The intention of the study was to create a tool that could more quickly adapt satellite images into Google's street maps. But instead of learning how to transform aerial images into maps, the machine-learning agent learned how to encode the features of the map onto the visual data of the street map.

The intention was for the agent to be able to interpret the features of either type of map and match them to the correct features of the other. But what the agent was actually being graded on (among other things) was how close an aerial map was to the original, and the clarity of the street map.

So it didn’t learn how to make one from the other. It learned how to subtly encode the features of one into the noise patterns of the other. The details of the aerial map are secretly written into the actual visual data of the street map: thousands of tiny changes in color that the human eye wouldn’t notice, but that the computer can easily detect.

In fact, the computer is so good at slipping these details into the street maps that it had learned to encode any aerial map into any street map! It doesn’t even have to pay attention to the “real” street map — all the data needed for reconstructing the aerial photo can be superimposed harmlessly on a completely different street map, as the researchers confirmed:

The agent's actions represented an inadvertent breakthrough in the capacity for machines to create and fake images.

This practice of encoding data into images isn’t new; it’s an established science called steganography, and it’s used all the time to, say, watermark images or add metadata like camera settings.
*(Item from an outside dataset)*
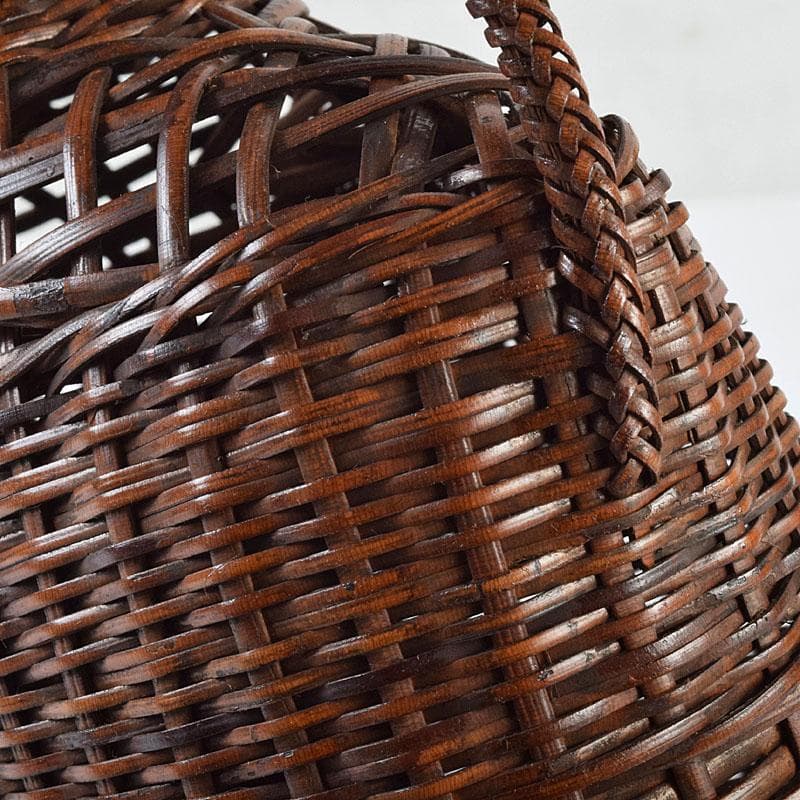 茶道具　吉田ふみ与作　耳付掛花籠　籠花生　時代箱付　V　R9539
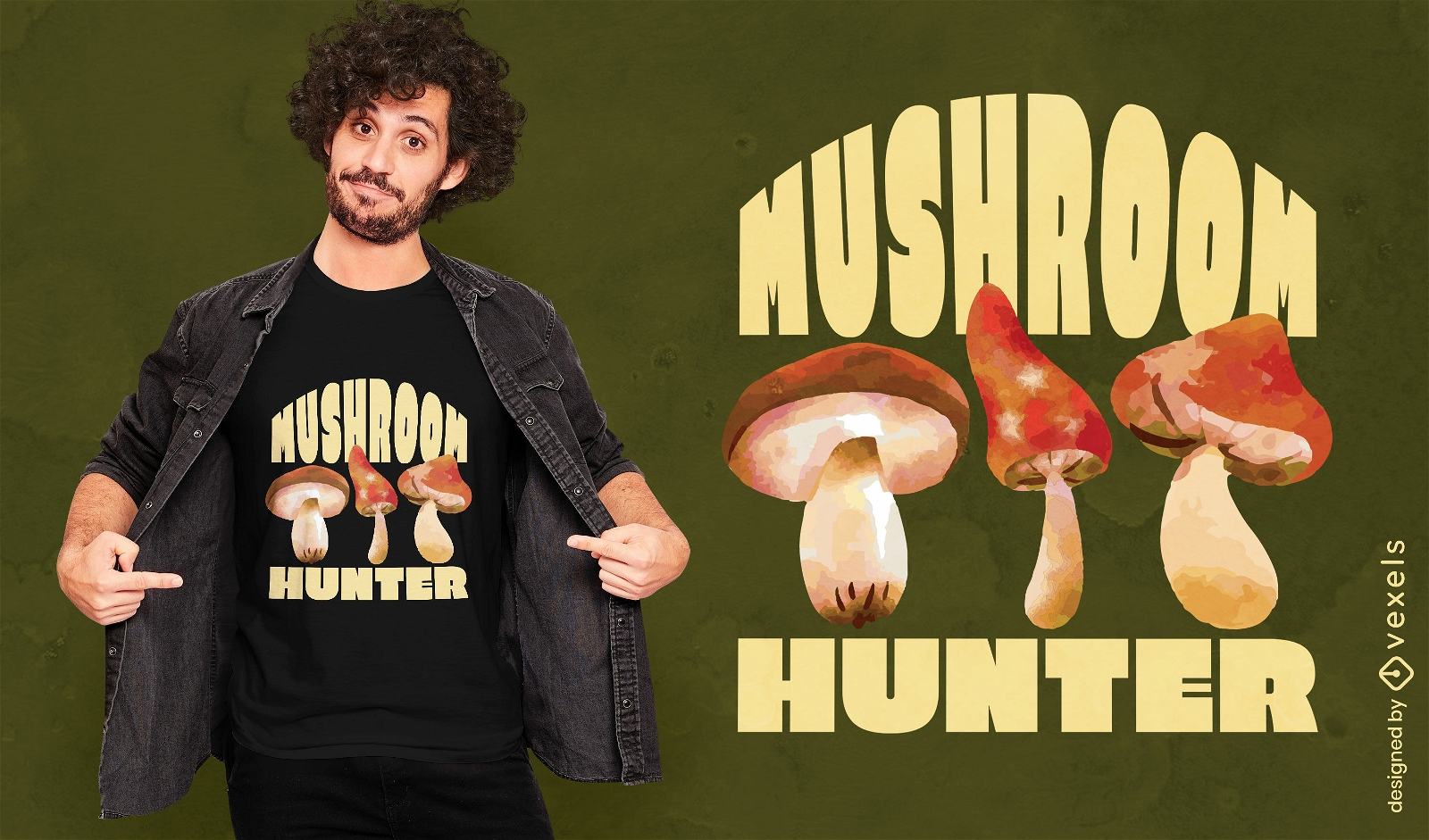 Diseño de camiseta de cazador de hongos.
But a computer creating its own steganographic method to evade having to actually learn to perform the task at hand is rather new. (Well, the research came out last year, so it isn’t new new, but it’s pretty novel.)

Instead of finding a way to complete a task that was beyond its abilities, the machine learning agent developed its own way to cheat.

One could easily take this as a step in the “the machines are getting smarter” narrative, but the truth is it’s almost the opposite. The machine, not smart enough to do the actual difficult job of converting these sophisticated image types to each other, found a way to cheat that humans are bad at detecting. This could be avoided with more stringent evaluation of the agent’s results, and no doubt the researchers went on to do that.

And if even these sophisticated researchers nearly failed to detect this, what does that say about our ability to differentiate genuine images from those that were fabricated by a computer simulation?